- **EXERCISE DESCRIPTION**: From the records, pick out and copy each line containing "Street".

- **DATA IN THIS EXERCISE**:
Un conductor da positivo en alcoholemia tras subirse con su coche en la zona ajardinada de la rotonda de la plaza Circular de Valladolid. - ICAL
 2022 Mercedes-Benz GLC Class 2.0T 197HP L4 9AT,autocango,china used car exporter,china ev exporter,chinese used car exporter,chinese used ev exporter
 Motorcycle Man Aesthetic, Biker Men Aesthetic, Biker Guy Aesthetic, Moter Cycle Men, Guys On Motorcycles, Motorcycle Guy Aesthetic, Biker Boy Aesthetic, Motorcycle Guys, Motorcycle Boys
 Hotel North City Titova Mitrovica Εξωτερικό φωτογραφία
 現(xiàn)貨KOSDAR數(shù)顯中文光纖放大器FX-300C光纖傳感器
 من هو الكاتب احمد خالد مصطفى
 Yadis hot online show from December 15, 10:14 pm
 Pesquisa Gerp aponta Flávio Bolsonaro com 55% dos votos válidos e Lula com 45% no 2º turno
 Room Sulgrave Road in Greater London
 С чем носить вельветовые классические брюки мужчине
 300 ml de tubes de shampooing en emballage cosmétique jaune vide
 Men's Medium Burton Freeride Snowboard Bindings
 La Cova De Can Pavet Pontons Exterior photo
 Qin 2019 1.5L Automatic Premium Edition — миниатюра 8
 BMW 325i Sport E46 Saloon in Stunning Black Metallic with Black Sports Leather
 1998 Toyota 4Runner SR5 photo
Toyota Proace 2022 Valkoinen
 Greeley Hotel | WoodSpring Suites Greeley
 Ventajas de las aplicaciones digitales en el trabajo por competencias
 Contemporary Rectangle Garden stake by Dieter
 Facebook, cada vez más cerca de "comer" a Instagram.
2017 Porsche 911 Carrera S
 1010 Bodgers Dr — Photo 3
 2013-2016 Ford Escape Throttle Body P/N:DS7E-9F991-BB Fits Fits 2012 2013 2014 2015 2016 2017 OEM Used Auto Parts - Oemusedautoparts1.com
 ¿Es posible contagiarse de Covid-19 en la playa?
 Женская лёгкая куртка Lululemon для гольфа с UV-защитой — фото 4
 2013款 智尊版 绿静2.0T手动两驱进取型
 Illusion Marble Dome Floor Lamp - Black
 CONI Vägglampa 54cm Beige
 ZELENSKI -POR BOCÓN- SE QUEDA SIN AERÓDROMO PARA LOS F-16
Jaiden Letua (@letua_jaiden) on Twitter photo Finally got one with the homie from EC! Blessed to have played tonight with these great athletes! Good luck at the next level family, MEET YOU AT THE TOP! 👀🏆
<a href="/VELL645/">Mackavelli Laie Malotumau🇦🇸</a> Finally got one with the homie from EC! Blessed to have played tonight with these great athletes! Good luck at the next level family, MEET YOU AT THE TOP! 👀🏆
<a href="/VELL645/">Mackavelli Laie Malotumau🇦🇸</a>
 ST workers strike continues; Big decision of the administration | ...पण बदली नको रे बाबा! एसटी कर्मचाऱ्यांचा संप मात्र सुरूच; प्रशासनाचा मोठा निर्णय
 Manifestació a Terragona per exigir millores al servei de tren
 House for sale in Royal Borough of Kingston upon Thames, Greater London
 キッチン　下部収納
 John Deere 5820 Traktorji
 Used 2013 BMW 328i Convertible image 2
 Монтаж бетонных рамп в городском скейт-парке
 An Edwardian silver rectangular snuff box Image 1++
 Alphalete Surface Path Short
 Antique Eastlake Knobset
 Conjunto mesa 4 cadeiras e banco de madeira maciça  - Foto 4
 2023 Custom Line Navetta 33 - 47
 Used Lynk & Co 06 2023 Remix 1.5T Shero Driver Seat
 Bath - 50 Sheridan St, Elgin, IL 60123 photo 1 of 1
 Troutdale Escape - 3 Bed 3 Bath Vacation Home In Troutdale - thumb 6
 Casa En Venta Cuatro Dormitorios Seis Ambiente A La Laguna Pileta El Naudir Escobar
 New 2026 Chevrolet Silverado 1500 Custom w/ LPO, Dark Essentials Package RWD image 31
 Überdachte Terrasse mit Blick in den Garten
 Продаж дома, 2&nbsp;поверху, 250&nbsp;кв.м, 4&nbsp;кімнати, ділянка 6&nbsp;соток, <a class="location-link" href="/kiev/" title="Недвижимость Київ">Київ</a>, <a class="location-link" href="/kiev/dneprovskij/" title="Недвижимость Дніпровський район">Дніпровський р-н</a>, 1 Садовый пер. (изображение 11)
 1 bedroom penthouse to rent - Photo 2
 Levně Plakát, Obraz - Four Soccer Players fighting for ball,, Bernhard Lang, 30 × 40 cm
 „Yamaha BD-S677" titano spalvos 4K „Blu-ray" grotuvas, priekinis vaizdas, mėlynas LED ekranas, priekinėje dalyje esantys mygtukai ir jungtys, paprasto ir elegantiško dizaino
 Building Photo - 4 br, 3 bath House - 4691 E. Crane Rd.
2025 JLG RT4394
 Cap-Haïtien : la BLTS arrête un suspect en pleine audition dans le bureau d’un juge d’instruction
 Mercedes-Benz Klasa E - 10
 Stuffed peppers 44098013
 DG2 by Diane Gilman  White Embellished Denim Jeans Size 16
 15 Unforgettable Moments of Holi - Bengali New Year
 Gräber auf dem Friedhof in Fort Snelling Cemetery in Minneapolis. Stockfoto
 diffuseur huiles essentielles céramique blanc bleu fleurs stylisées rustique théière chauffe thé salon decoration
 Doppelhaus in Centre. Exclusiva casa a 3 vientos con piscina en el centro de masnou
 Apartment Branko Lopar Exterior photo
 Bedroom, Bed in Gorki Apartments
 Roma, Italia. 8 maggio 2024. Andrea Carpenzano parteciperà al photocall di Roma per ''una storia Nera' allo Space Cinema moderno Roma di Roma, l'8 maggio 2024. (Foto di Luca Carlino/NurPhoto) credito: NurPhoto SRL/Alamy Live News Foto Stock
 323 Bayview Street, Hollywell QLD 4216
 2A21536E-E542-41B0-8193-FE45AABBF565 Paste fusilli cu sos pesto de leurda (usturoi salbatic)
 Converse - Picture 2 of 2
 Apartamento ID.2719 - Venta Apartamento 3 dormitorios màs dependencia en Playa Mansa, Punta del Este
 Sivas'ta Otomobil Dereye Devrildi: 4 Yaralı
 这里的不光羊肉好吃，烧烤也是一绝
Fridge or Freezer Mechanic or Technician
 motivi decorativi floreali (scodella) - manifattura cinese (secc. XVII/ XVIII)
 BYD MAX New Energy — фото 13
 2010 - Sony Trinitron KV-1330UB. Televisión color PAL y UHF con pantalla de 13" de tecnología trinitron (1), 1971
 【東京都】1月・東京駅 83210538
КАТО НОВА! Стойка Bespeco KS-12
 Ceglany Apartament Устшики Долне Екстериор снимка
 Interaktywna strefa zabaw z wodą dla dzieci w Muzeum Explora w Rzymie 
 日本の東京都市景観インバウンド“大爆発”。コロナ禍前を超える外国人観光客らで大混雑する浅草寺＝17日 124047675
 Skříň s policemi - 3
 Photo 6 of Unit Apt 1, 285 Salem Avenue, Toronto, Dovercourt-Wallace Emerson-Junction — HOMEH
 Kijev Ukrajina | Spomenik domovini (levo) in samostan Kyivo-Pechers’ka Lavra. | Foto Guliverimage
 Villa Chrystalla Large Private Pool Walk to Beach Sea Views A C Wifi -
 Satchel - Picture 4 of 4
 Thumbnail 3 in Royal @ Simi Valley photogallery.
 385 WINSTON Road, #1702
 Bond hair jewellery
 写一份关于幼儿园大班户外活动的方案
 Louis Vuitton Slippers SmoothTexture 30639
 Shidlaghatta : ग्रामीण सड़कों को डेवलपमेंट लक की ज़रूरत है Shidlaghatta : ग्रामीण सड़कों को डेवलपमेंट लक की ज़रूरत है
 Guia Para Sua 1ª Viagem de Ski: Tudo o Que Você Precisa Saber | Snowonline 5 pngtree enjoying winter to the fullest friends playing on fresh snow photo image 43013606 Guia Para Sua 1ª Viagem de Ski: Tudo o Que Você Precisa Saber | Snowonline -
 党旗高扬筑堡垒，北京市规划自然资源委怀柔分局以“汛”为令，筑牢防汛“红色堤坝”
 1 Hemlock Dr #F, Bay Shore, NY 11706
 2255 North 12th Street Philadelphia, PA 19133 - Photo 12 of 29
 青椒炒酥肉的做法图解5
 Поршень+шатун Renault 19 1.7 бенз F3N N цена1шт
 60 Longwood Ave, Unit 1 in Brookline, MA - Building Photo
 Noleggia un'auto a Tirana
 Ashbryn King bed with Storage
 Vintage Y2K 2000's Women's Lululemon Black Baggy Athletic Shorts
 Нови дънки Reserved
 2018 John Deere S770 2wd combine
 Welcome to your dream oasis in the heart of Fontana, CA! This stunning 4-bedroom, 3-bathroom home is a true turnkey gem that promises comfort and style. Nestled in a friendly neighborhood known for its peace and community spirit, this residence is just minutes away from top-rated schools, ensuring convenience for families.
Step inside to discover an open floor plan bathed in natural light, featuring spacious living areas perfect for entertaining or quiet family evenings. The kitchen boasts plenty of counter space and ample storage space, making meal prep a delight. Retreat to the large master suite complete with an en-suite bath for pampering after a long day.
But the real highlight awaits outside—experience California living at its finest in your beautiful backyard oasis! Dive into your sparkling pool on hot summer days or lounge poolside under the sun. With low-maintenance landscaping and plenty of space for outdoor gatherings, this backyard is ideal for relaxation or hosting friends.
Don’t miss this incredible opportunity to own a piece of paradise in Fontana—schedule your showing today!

- **OUTPUT**:
 323 Bayview Street, Hollywell QLD 4216
 2255 North 12th Street Philadelphia, PA 19133 - Photo 12 of 29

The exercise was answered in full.